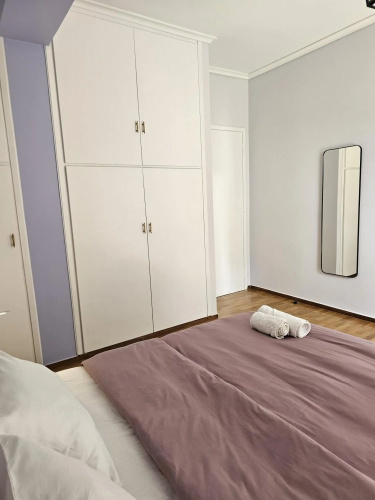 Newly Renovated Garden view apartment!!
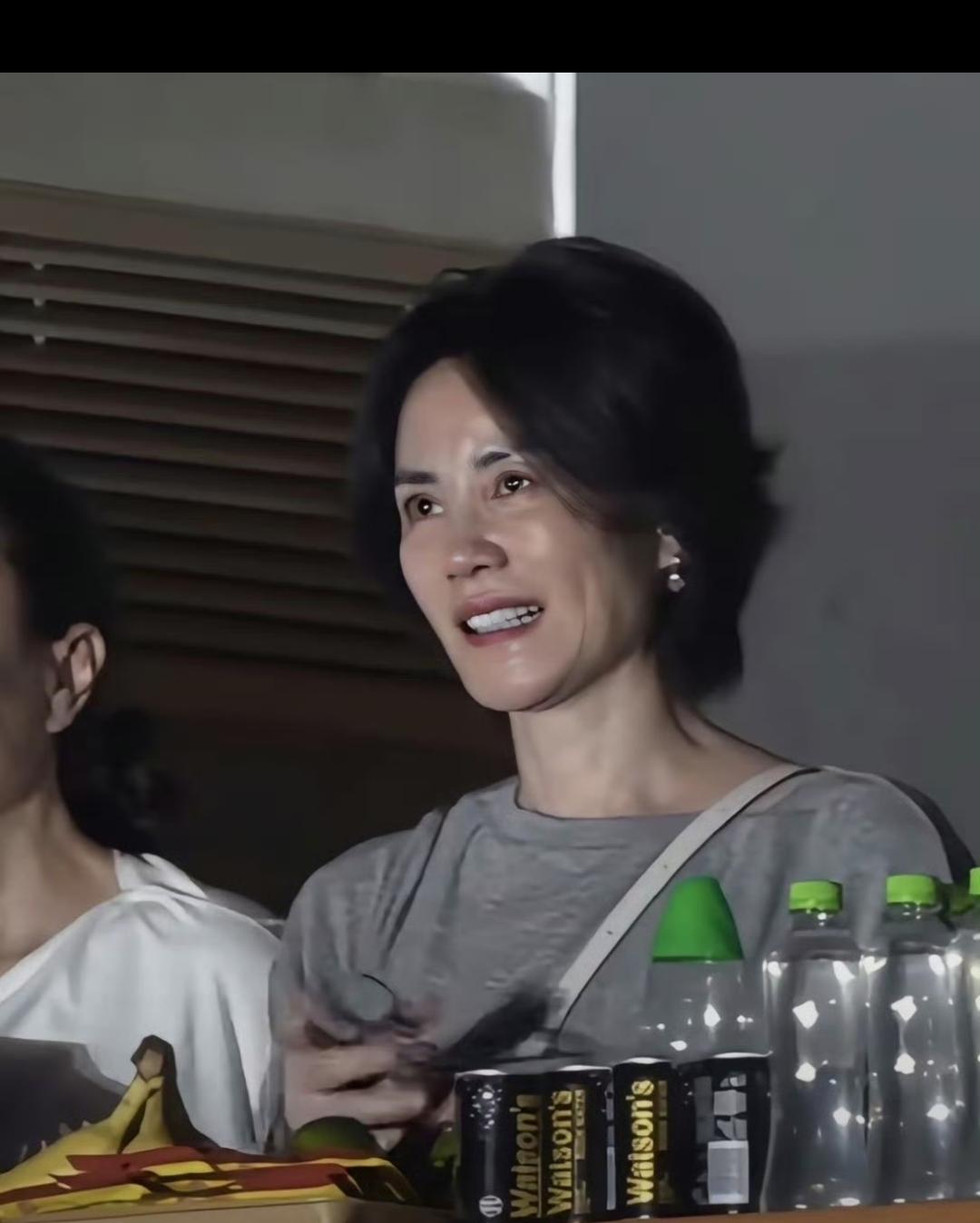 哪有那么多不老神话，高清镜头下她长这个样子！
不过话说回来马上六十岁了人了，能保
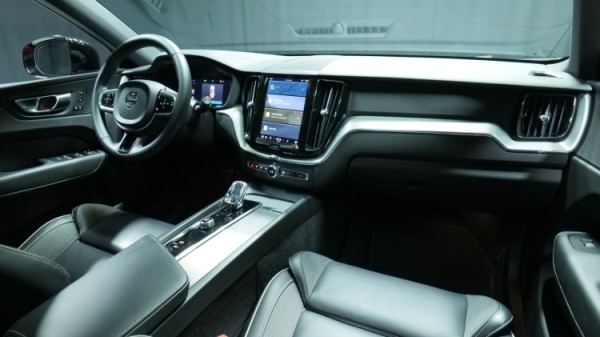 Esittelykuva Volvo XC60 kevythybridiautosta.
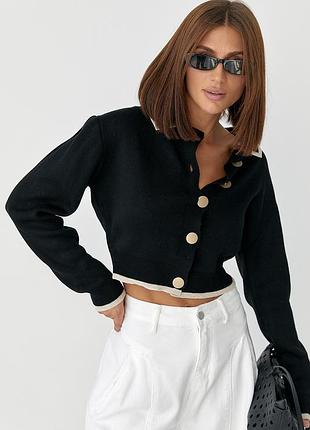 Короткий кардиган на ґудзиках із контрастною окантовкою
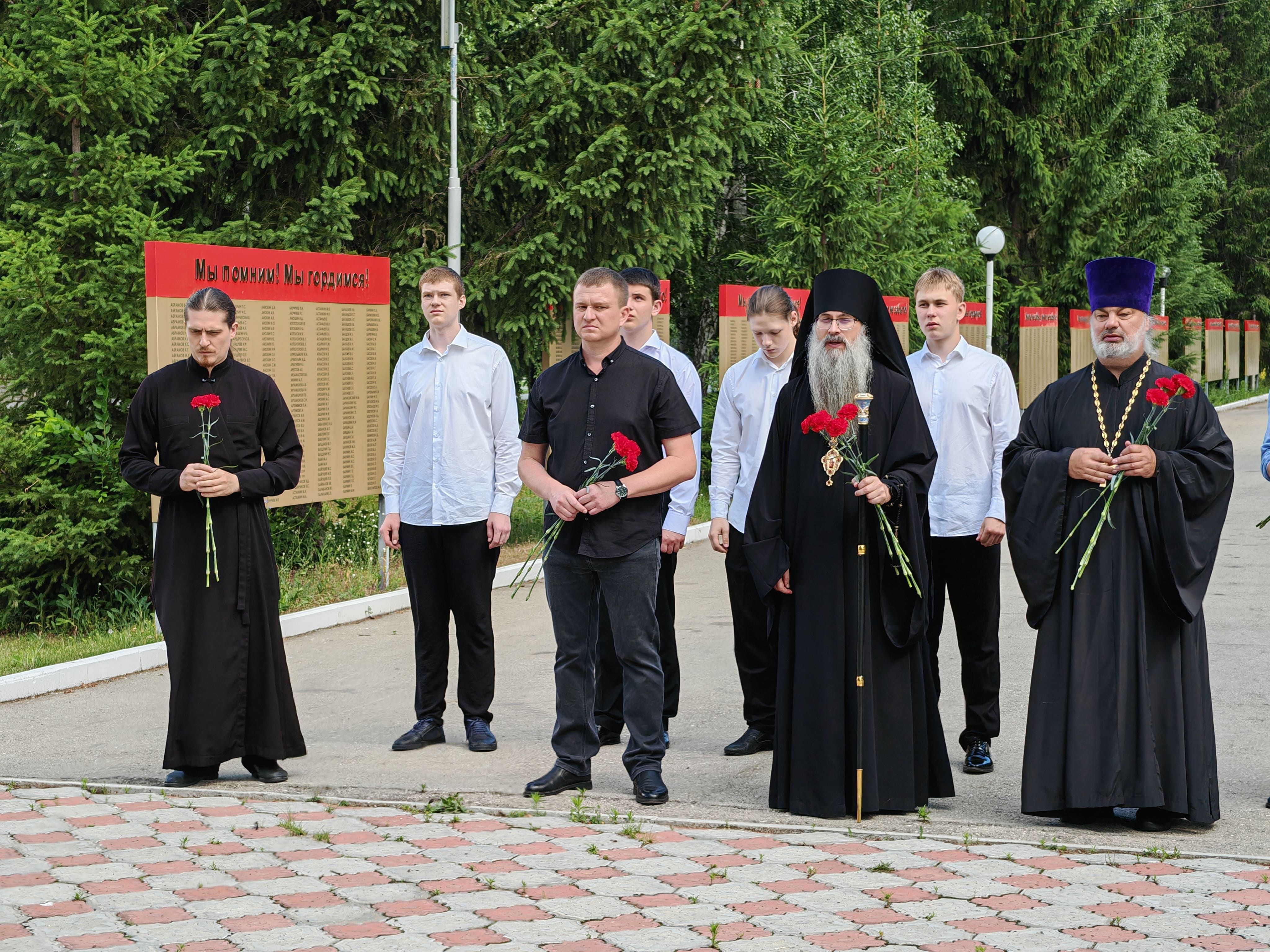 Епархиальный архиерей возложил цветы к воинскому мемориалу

----------

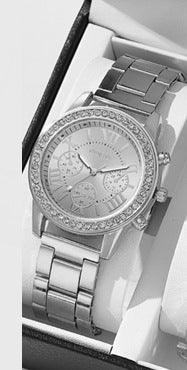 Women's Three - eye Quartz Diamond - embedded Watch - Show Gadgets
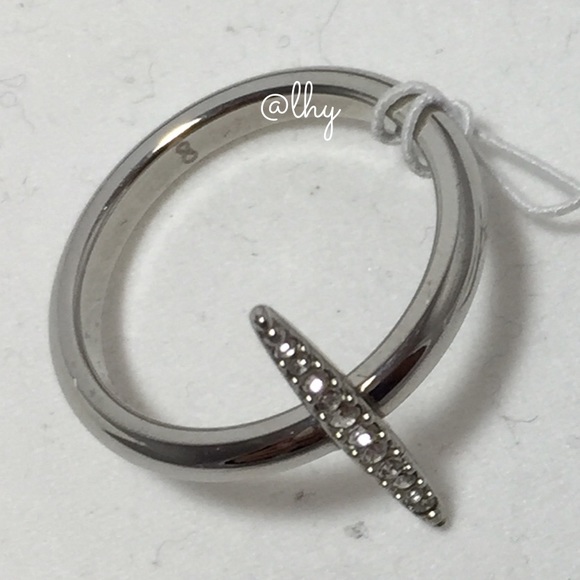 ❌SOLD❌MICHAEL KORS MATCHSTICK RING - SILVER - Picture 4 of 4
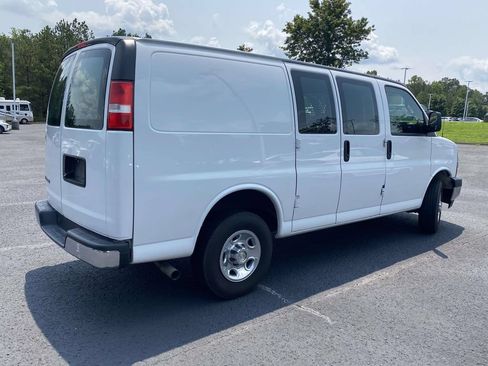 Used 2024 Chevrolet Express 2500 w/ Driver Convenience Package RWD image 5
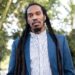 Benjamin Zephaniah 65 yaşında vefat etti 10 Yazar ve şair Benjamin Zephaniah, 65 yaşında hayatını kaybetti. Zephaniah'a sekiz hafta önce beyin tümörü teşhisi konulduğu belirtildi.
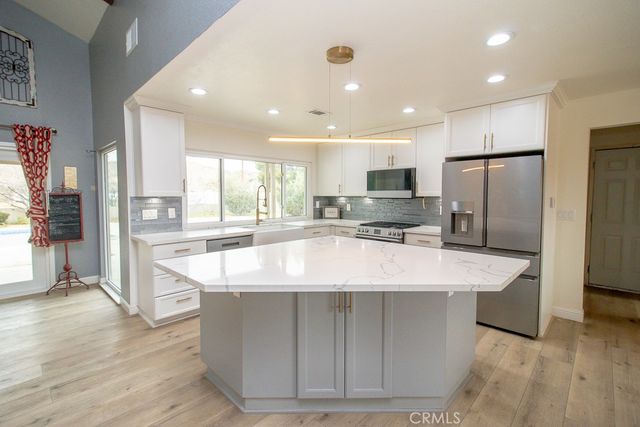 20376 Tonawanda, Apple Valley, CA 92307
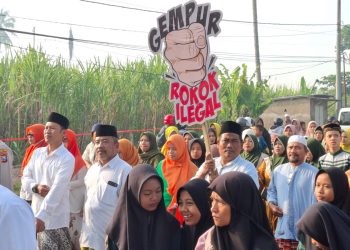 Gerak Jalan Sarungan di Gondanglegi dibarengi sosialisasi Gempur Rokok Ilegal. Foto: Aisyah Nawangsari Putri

----------

The reply should hold the entries above from the line with "Newly Renovated Garden view apartment!!" to the line with "Епархиальный архиерей возложил", duplicated exactly, pictures excluded.

 Newly Renovated Garden view apartment!!
 哪有那么多不老神话，高清镜头下她长这个样子！
不过话说回来马上六十岁了人了，能保
 Esittelykuva Volvo XC60 kevythybridiautosta.
 Короткий кардиган на ґудзиках із контрастною окантовкою
 Епархиальный архиерей возложил цветы к воинскому мемориалу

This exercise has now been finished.